**Data excerpts:**
++++++++

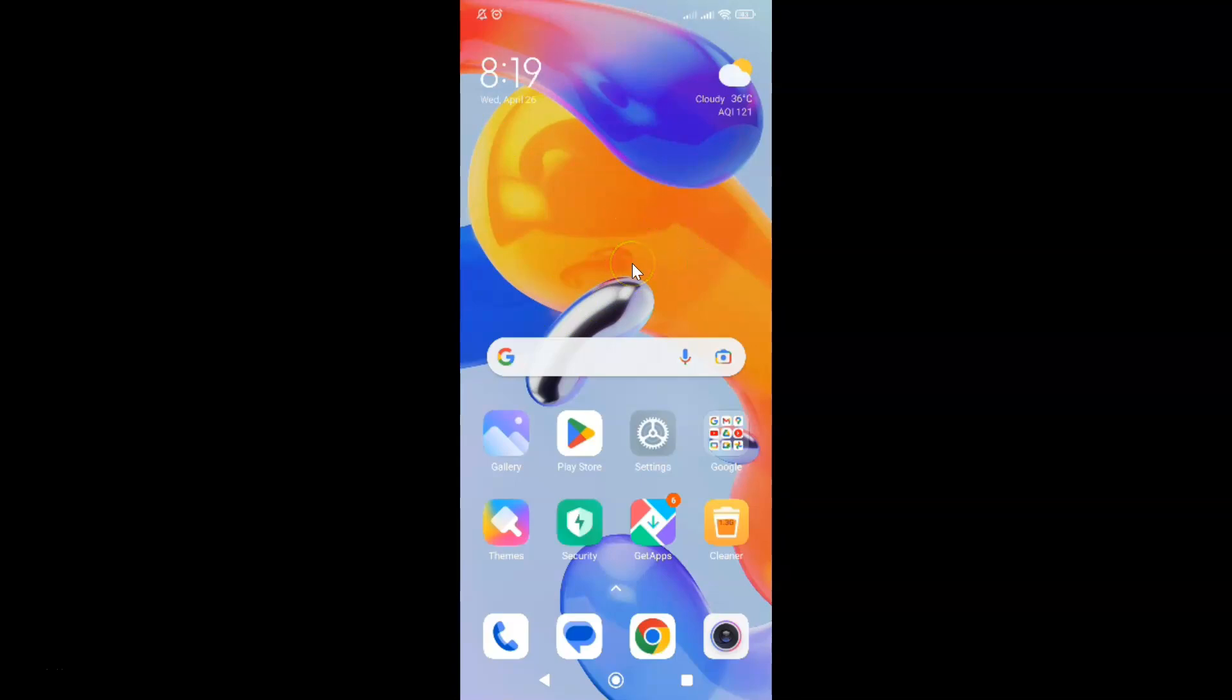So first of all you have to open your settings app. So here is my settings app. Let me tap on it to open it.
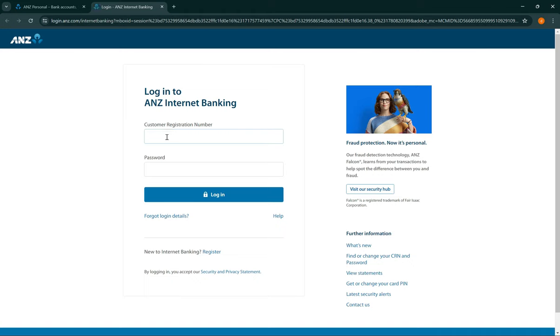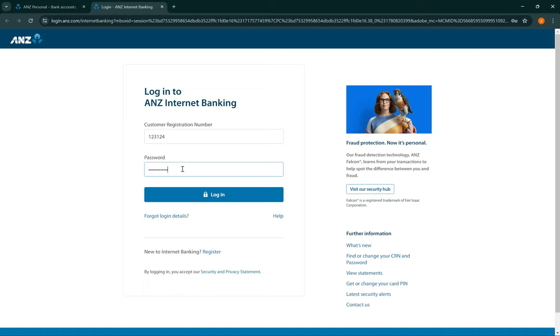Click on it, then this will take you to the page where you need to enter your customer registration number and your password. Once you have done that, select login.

++++++++

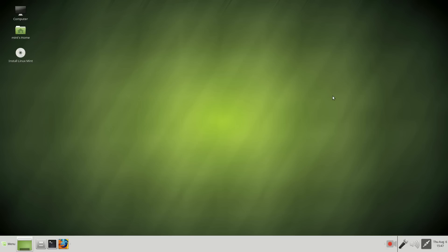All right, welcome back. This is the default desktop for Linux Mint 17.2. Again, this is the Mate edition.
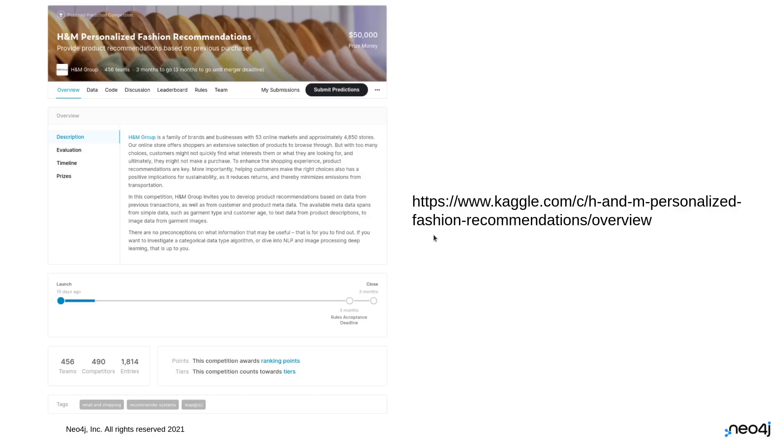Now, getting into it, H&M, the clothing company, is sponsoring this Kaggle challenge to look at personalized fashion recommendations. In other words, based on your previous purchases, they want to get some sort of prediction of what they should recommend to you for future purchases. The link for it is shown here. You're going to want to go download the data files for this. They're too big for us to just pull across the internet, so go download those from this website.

++++++++

**Task details:** Please print the lines above word for word, starting at the one with "All right, welcome" and ending at the one with "Now, getting into", both included, and without any picture.

**Exercise output:**
All right, welcome back. This is the default desktop for Linux Mint 17.2. Again, this is the Mate edition.
Now, getting into it, H&M, the clothing company, is sponsoring this Kaggle challenge to look at personalized fashion recommendations. In other words, based on your previous purchases, they want to get some sort of prediction of what they should recommend to you for future purchases. The link for it is shown here. You're going to want to go download the data files for this. They're too big for us to just pull across the internet, so go download those from this website.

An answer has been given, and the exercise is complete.